Problem statement: Once the pictures are removed, restate the data below word for word.

Data excerpt:
-------

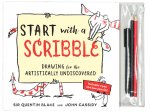 Start with a Scribble: Drawing for the Artistically Undiscovered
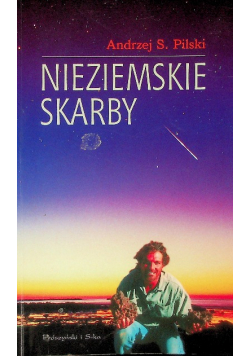 Nieziemskie skarby Poradnik poszukiwacza meteorytów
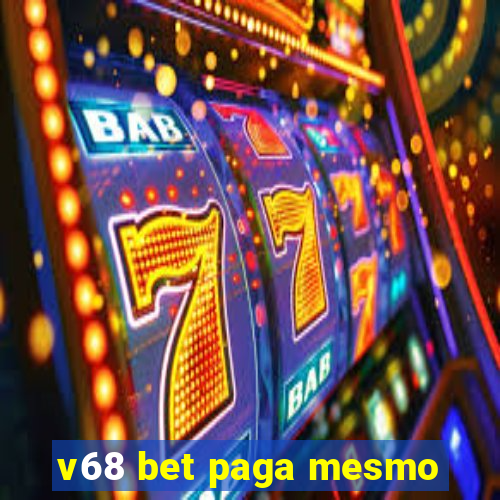 v68 bet paga mesmo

-------

Solution to the exercise:
 Start with a Scribble: Drawing for the Artistically Undiscovered
 Nieziemskie skarby Poradnik poszukiwacza meteorytów
 v68 bet paga mesmo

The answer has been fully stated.